On parle beaucoup, depuis quelque temps, de créer ou plutôt de restaurer le ministère de la police. Il y a des gens, les matérialistes de la politique, qui croient qu’en multipliant ou en restreignant les ministères, on change l’esprit du gouvernement. La France est sauvée, suivant les uns, si le conseil vient à compter quinze ministres au lieu de neuf, et si le cabinet, absorbant de plus nombreuses capacités, étend ses assises dans la chambre ; suivant les autres, si l’on réduit à trois le nombre des ministres, et si la trinité ministérielle simplifie le commandement à l’égard des dieux inférieurs de l’administration. Les uns et les autres ont cela de commun qu’ils font du pouvoir une sorte d’automate, et qu’ils tendent à remplacer par je ne sais quel mécanisme une impulsion qui doit embrasser tous les rouages et qui doit être de tous les jours.

L’expédient semblera puéril aux hommes qui sont versés dans la pratique des affaires. Le gouvernement est dans les hommes, dans les principes et dans les méthodes ; il n’est pas dans ces remaniemens d’attributions qui consistent à subdiviser ou à concentrer l’action administrative. On aurait, en vérité, trop bon marché des difficultés que rencontre ou que fait naître l’exercice de l’autorité, principalement dans les époques révolutionnaires, s’il suffisait, pour les résoudre, d’élever entre deux ministères ou d’abattre une faible cloison. Ne poussons pas jusqu’à ce point la superstition des formules.

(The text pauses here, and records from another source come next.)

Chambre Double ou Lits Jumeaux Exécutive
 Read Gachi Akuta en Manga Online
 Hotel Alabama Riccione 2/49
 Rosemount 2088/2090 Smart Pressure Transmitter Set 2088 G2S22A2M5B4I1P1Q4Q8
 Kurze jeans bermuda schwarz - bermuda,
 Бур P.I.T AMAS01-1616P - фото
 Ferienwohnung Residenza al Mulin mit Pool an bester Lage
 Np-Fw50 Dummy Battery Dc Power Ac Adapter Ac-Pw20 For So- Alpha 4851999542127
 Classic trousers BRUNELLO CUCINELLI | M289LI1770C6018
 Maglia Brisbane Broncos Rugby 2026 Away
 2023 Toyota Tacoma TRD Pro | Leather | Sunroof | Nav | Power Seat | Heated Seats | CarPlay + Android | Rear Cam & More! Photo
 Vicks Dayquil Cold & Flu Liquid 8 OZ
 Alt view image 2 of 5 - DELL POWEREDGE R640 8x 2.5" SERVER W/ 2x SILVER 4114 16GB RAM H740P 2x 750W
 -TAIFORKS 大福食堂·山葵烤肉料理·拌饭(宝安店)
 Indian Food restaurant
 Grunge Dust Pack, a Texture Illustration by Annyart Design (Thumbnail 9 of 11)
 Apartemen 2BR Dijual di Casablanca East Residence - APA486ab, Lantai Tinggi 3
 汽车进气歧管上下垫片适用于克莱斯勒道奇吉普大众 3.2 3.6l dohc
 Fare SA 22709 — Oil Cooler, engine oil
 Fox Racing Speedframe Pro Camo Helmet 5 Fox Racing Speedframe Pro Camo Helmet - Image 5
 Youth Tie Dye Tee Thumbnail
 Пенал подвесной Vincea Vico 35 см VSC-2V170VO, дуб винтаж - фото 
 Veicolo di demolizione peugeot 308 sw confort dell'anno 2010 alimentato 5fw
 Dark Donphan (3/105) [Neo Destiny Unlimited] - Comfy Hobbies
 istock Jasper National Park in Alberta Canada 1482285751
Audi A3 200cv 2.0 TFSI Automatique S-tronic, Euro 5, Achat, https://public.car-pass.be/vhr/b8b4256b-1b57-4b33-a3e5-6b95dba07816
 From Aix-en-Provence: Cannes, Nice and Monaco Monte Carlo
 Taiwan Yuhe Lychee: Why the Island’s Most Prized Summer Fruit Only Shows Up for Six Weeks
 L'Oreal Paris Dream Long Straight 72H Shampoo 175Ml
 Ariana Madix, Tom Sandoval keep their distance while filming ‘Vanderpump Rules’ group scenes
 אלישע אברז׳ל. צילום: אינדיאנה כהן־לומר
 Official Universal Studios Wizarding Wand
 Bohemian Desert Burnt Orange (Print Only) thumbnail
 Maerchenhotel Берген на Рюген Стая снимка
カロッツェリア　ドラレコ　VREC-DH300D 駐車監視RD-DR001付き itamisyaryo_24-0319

La création d’un ministère de la police générale ne serait qu’une réminiscence de l’empire, dans un temps et sous un peuple qui répugnent aux plagiats du passé. Sous l’empire, après le ministère de la guerre, qui préparait les conquêtes, venait celui de la police, qui organisait la surveillance et les moyens d’action dans les pays conquis. La France alors s’étendait de Naples à Hambourg et du Guadalquivir au Niémen. L’Europe n’était pas, comme aujourd’hui, sillonnée de routes et jalonnée de télégraphes. Les chemins de fer, qui mettent déjà Paris à trois journées de Varsovie, et qui réduiront bientôt à vingt-quatre heures la distance de Paris à Marseille, étaient encore inconnus. Il n’y avait point de presse libre ni de tribune pour traduire au grand jour la pensée des peuples. La liberté de la parole trouvait à peine, dans quelques salons privilégiés un refuge troublé par mille inquiétudes. L’esprit public s’agitait dans l’ombre ; il allait minant, par des travaux souterrains, le pouvoir qui le contre-minait par la police. À une conspiration permanente et universelle des vaincus, le vainqueur opposait l’œil toujours ouvert de l’espionnage. La police était partout et elle était tout. Il n’y avait pas d’autre moyen de gouvernement.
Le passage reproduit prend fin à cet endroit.